Seventh place on the grid for the 2012 F1 Grand Prix of Brazil - the race which will decide the world championship between himself and Sebastian Vettel - was no surprise for Ferrari's Fernando Alonso, who admits that his only realistic hope of winning his third world championship now depends on misfortune for his rival.
"We know to win the championship we need some retirements or something strange happening," Alonso conceded after qualifying on Saturday. "So we hope for a chaotic race, with many things happening, rain-affected or whatever. With that, we have a chance."
Alonso admitted that if the rain stays away from the Interlagos track in Sao Paulo - as forecasts now suggest is likely to be the case - then his chances of overhauling Vettel in the championship standings appear bleak.
"In the dry we are not competitive and in the wet the car is performing well sometimes and we are a little bit more comfortable," he said. "Obviously [for us to be] better than in dry conditions is not difficult so I'm sure in wet we can pick up some more performance."
Alonso confirmed that Ferrari were not considering a repeat of their gearbox penalty gambit that controversially put Alonso on the podium last weekend in Texas, explaining that the team had made the decision based on the extreme nature of the 'dirty' side of the grid at the Circuit of the Americas and not just to gain a single position at the start.
"It was not to give me one position, it was to give the two cars several positions and we are 13 points ahead of McLaren thanks to this in the constructors'," he explained. That situation didn't apply this weekend at Interlagos, and it will be more valuable to Alonso's title bid to have his team mate close by on the grid and not artificially dropped back five places.

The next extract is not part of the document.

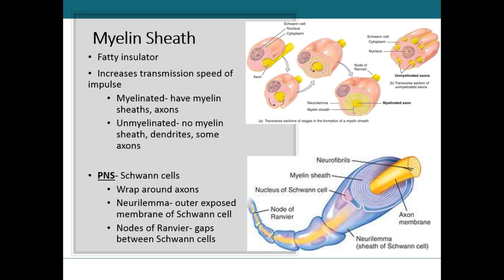Sometimes when I'm teaching this I tell students to think of the Schwann cell sort of like a pizza dough — you roll it out very very thin and then you start wrapping it around a long structure, like a broom handle. You wrap it around and around and around that broom handle, and the covering you are creating is what is known as the myelin sheath.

"We are fifth and seventh [on the grid], so we both start one behind the other and hopefully we go together to the first positions in the first lap," he said. "We see tomorrow. Last time it rained was a different circuit - four months ago - and the cars have changed a lot."
Alonso added that regardless of the outcome of today's title decider, he was more than delighted with his effort in 2012.

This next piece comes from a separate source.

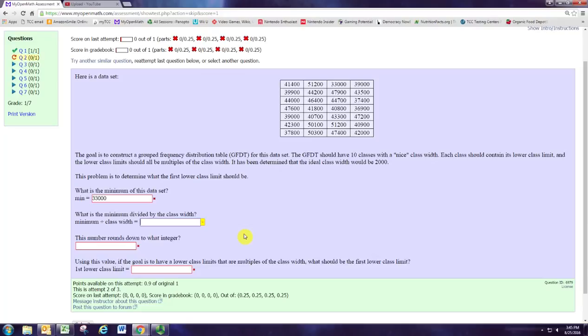One way of doing this is to take the minimum and divide by the class width. In this case, we take the 33,000 that we just found and divide by 2,000. We get 16.5.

"I'm very proud of this and the achievements we had this year," he said, having won plaudits for having managed to lift a car that was consistently able to only qualify around eighth position into a championship contender.
"If we'd had a normal season, maybe we had the points of someone similar with our car [in which case] you say bye-bye to the championship maybe in Monza or Singapore, and you have very relaxed races in the last part of the championship as we had last year," he said.

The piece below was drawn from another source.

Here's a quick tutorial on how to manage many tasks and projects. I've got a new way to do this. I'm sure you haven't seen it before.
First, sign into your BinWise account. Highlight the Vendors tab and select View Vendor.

"But because we did something not normal [...] a lot of people think we have a chance to win the world championship because they trust so much in our jobs on Sunday," he said, pointing out that if they hadn't been unlucky in Spa and Suzuka then this weekend could have seen a very different outlook for the team: "Maybe we were mathematically world champion in Austin without the two losses," he said.
"This is the thing that fills me with pride," he said. "I will remember this season like this whatever happens."
Ferrari's team principal Stefano Domenicali said that whatever happens on Sunday, he believes Alonso "deserves more than any other driver out on track" to win the 2012 title after his efforts in 2012.